▸ Record excerpts:
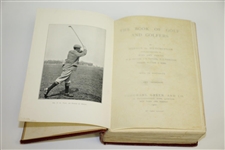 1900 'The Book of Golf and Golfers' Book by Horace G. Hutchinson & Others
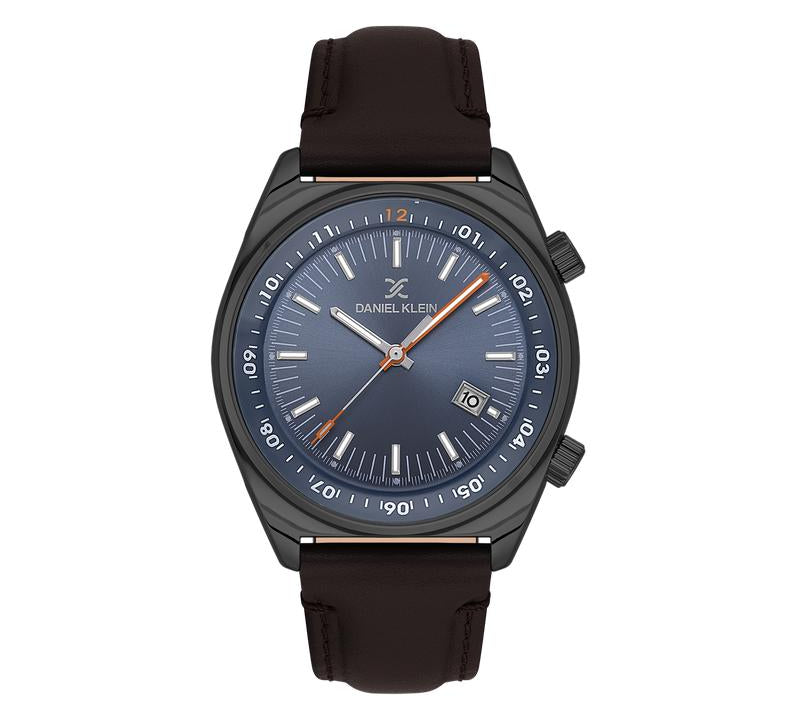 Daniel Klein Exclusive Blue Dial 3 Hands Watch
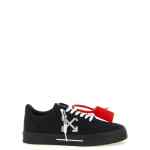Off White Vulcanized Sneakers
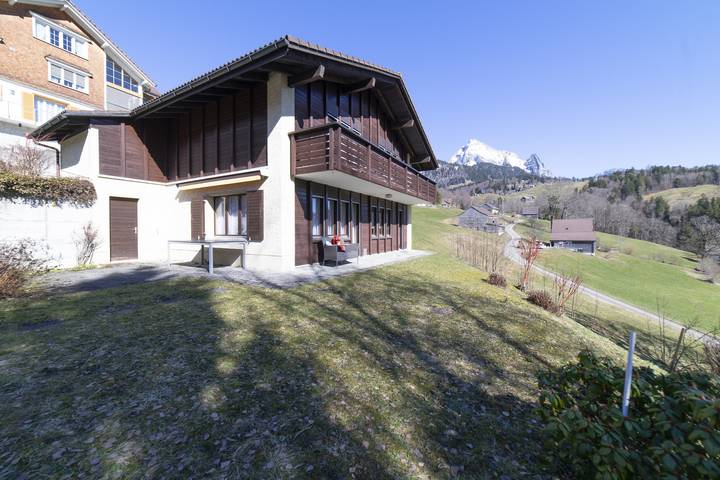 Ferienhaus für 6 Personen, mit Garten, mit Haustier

* * *

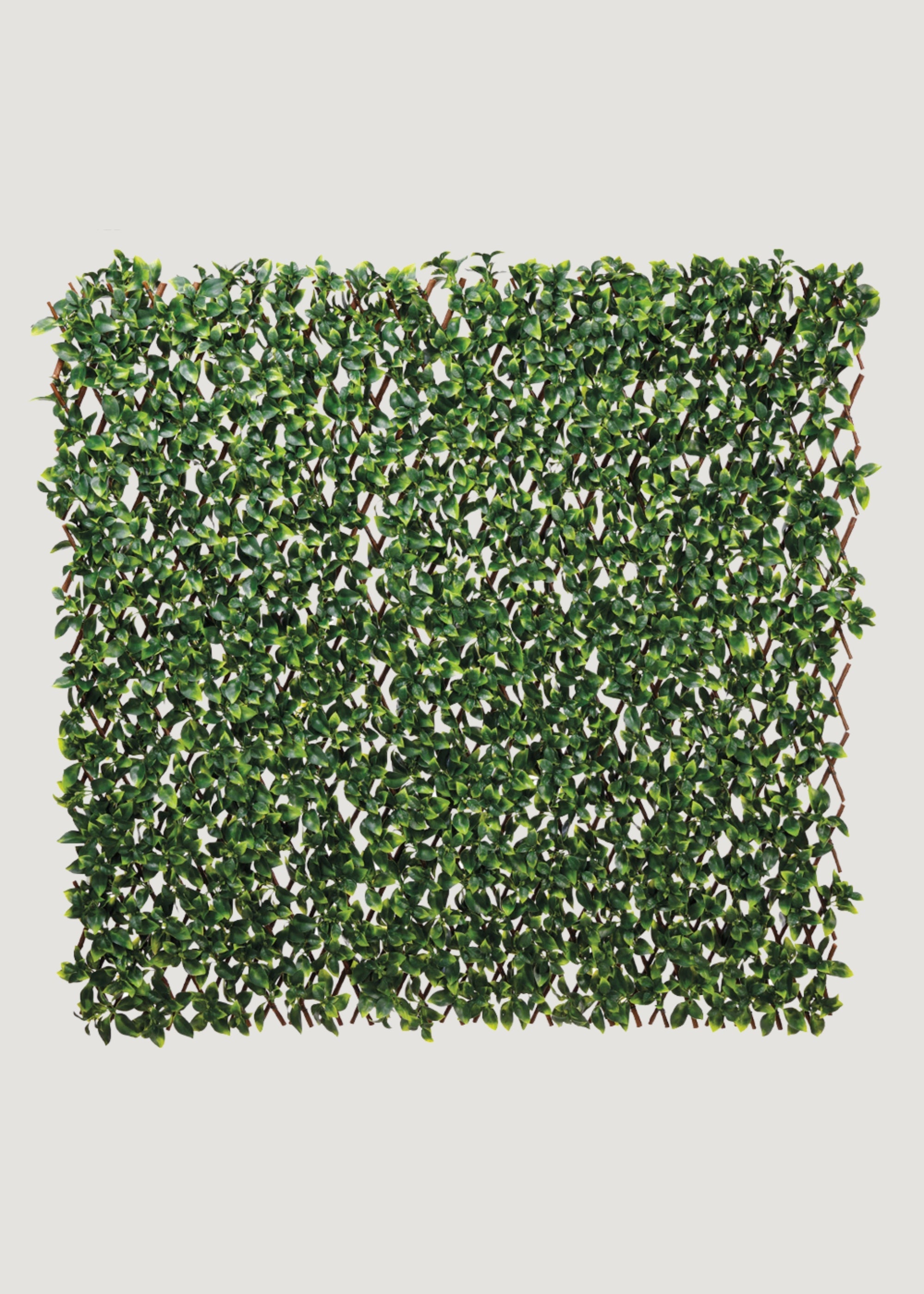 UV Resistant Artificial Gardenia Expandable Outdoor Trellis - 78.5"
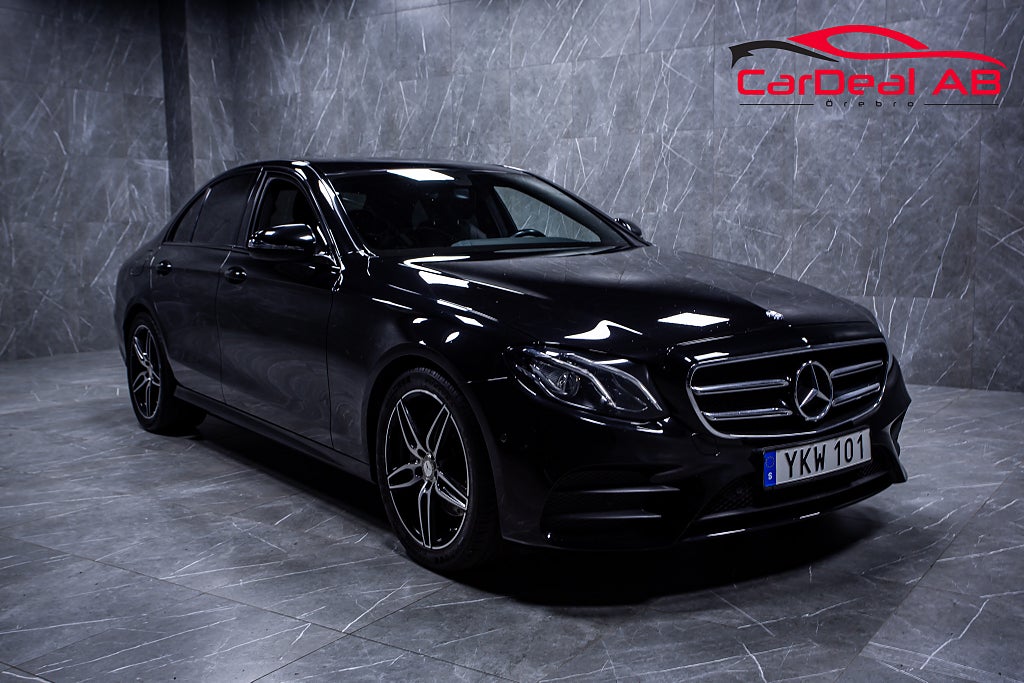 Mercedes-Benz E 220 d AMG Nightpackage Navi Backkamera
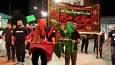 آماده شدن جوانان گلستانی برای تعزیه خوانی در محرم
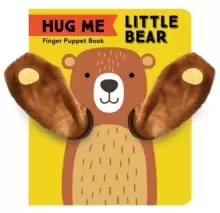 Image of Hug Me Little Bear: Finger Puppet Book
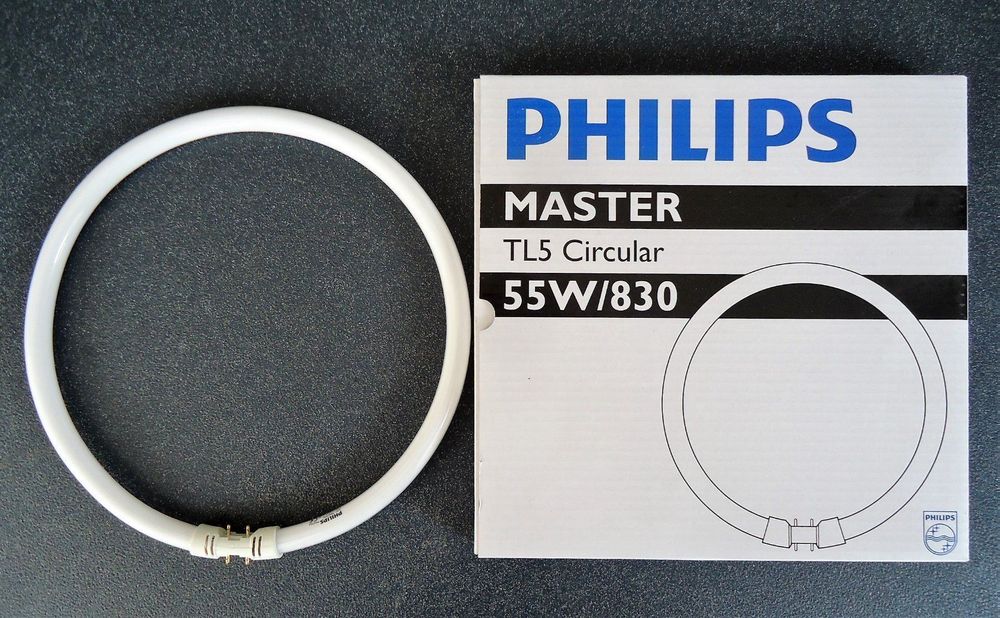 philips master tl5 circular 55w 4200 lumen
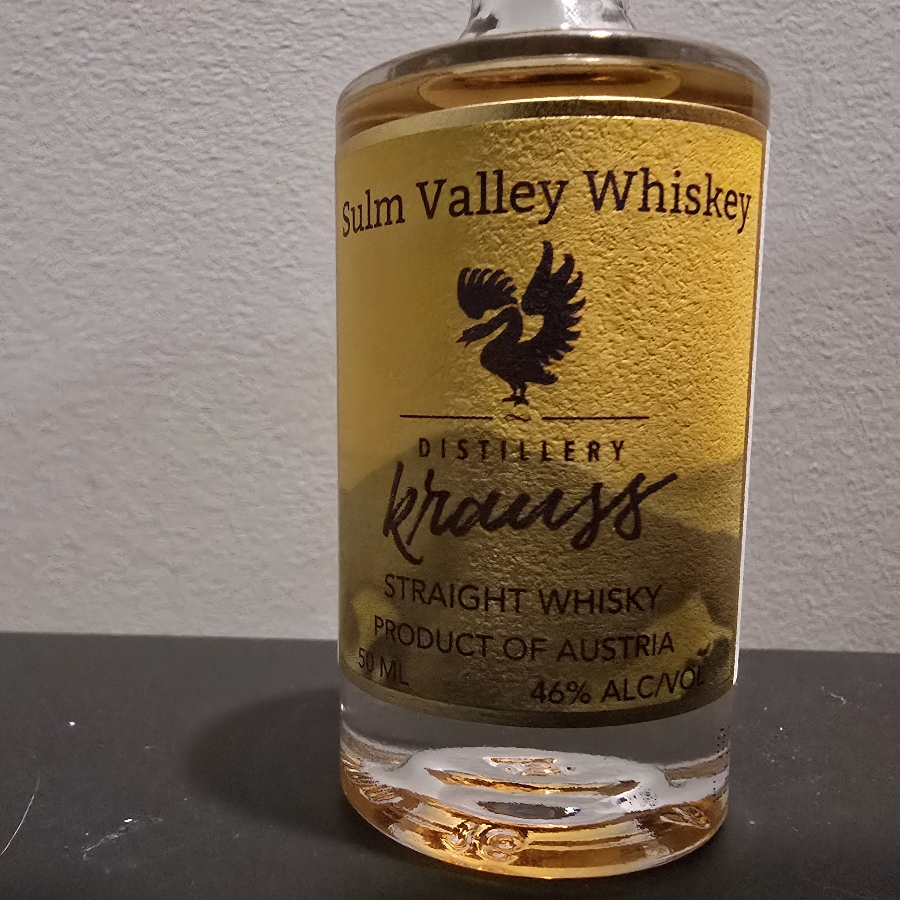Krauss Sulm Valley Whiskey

...

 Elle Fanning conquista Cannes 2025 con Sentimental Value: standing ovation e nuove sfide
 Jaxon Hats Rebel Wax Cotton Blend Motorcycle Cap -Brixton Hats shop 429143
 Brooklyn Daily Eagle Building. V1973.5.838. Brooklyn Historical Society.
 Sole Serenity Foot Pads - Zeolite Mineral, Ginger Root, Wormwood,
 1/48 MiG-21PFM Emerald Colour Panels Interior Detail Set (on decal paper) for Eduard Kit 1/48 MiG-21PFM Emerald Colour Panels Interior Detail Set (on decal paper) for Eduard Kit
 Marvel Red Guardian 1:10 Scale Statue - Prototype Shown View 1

▸ Your objective:
"1900 'The Book" marks the first line to copy, and "Ferienhaus für 6" marks the last. Repeat that stretch above exactly, with no pictures.

▸ Answer section:
 1900 'The Book of Golf and Golfers' Book by Horace G. Hutchinson & Others
 Daniel Klein Exclusive Blue Dial 3 Hands Watch
Off White Vulcanized Sneakers
 Ferienhaus für 6 Personen, mit Garten, mit Haustier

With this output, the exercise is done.